_Task statement_.
Repeat the data exactly as it stands.

Items from a dataset:

########

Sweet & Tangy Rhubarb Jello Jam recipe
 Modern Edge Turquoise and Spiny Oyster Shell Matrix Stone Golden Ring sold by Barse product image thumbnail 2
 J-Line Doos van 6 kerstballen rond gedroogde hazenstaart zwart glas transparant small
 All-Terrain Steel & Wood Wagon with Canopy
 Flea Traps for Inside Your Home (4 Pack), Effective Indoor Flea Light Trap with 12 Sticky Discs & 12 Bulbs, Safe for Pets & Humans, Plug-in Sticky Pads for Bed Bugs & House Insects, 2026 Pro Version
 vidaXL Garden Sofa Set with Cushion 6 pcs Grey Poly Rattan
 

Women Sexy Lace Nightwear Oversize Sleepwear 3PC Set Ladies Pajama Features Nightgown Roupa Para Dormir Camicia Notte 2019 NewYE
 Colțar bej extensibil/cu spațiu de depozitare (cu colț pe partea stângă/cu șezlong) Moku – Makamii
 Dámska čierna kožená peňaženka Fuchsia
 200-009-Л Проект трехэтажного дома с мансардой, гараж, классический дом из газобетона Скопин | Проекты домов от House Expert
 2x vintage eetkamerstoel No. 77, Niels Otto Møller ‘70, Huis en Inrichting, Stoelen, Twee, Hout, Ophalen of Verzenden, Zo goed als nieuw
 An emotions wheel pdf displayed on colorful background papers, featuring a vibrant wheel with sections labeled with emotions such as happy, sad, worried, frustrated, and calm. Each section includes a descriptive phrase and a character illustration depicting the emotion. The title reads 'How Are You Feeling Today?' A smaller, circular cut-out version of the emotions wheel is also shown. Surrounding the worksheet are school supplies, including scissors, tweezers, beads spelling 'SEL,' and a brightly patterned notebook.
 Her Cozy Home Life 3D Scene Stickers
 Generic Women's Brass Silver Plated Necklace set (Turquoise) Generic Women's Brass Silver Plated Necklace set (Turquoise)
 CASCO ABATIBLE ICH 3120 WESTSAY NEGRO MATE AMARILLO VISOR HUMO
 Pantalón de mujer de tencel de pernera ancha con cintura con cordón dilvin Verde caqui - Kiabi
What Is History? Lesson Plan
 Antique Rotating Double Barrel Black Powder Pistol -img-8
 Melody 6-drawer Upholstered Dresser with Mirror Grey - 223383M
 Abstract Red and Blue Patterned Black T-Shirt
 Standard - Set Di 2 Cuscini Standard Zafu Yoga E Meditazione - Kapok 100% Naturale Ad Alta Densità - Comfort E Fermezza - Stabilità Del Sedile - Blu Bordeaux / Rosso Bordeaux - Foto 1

########

_Result of the exercise_.
Sweet & Tangy Rhubarb Jello Jam recipe
 Modern Edge Turquoise and Spiny Oyster Shell Matrix Stone Golden Ring sold by Barse product image thumbnail 2
 J-Line Doos van 6 kerstballen rond gedroogde hazenstaart zwart glas transparant small
 All-Terrain Steel & Wood Wagon with Canopy
 Flea Traps for Inside Your Home (4 Pack), Effective Indoor Flea Light Trap with 12 Sticky Discs & 12 Bulbs, Safe for Pets & Humans, Plug-in Sticky Pads for Bed Bugs & House Insects, 2026 Pro Version
 vidaXL Garden Sofa Set with Cushion 6 pcs Grey Poly Rattan
 

Women Sexy Lace Nightwear Oversize Sleepwear 3PC Set Ladies Pajama Features Nightgown Roupa Para Dormir Camicia Notte 2019 NewYE
 Colțar bej extensibil/cu spațiu de depozitare (cu colț pe partea stângă/cu șezlong) Moku – Makamii
 Dámska čierna kožená peňaženka Fuchsia
 200-009-Л Проект трехэтажного дома с мансардой, гараж, классический дом из газобетона Скопин | Проекты домов от House Expert
 2x vintage eetkamerstoel No. 77, Niels Otto Møller ‘70, Huis en Inrichting, Stoelen, Twee, Hout, Ophalen of Verzenden, Zo goed als nieuw
 An emotions wheel pdf displayed on colorful background papers, featuring a vibrant wheel with sections labeled with emotions such as happy, sad, worried, frustrated, and calm. Each section includes a descriptive phrase and a character illustration depicting the emotion. The title reads 'How Are You Feeling Today?' A smaller, circular cut-out version of the emotions wheel is also shown. Surrounding the worksheet are school supplies, including scissors, tweezers, beads spelling 'SEL,' and a brightly patterned notebook.
 Her Cozy Home Life 3D Scene Stickers
 Generic Women's Brass Silver Plated Necklace set (Turquoise) Generic Women's Brass Silver Plated Necklace set (Turquoise)
 CASCO ABATIBLE ICH 3120 WESTSAY NEGRO MATE AMARILLO VISOR HUMO
 Pantalón de mujer de tencel de pernera ancha con cintura con cordón dilvin Verde caqui - Kiabi
What Is History? Lesson Plan
 Antique Rotating Double Barrel Black Powder Pistol -img-8
 Melody 6-drawer Upholstered Dresser with Mirror Grey - 223383M
 Abstract Red and Blue Patterned Black T-Shirt
 Standard - Set Di 2 Cuscini Standard Zafu Yoga E Meditazione - Kapok 100% Naturale Ad Alta Densità - Comfort E Fermezza - Stabilità Del Sedile - Blu Bordeaux / Rosso Bordeaux - Foto 1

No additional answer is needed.